6. Vers une déprogrammation consciente

Pour dépasser l’emprise du pratico-inerte, il ne suffit pas d’inventer de nouvelles technologies. Il faut :

  1. Cartographier les objets, institutions et rituels qui nous conditionnent (de la chaise au smartphone, du code civil au mur d’enceinte).
  2. Re-simplifier notre environnement : privilégier le mouvement libre, les lieux non cloisonnés et les outils analogiques (carnet, boussole, jardin potager).
  3. Éduquer à la réflexivité : dès l’enfance, apprendre à questionner les usages (pourquoi j’utilise cet objet ? Quel sentiment il renforce ?), à distinguer besoins réels et désirs induits.
  4. Mettre en place des « zones blanches » : espaces où la technique est débranchée, favorisant le contact direct avec le vivant et la communauté (écolieux, forêts pédagogiques).
  5. Réintégrer la nature : reconnaître juridiquement les droits de la nature, restaurer les corridors écologiques et faire de la régénération un critère de réussite sociale et économique.

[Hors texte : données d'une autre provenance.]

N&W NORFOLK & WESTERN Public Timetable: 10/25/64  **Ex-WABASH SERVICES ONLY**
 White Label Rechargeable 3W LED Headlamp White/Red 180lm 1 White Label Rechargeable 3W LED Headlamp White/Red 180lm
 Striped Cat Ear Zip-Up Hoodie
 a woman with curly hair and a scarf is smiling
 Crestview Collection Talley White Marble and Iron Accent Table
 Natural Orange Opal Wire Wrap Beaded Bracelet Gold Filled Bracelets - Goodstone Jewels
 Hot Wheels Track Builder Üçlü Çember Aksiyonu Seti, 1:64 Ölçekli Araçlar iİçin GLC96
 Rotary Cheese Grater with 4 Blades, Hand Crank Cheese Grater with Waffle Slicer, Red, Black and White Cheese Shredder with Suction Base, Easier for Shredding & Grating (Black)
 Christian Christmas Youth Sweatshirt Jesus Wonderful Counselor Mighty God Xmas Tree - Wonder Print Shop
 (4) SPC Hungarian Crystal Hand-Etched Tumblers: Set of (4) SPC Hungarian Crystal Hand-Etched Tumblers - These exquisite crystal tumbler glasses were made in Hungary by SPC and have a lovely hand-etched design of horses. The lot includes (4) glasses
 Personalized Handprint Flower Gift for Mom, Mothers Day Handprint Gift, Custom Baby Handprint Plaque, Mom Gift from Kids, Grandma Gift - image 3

Le Pratico-Inerte comme rebond du Point Zéro

Face aux crises écologiques, sociales et psychiques, le Point Zéro propose de transformer le pratico-inerte en pratico-vivant : non plus un carcan, mais un milieu de vie co-construit où chaque artefact renforce la résilience, stimule la créativité et reconnecte l’individu au tout. C’est en cessant de subir nos propres inventions et en en redevenant les co-auteurs conscients que l’humanité pourra franchir le basculement régénératif.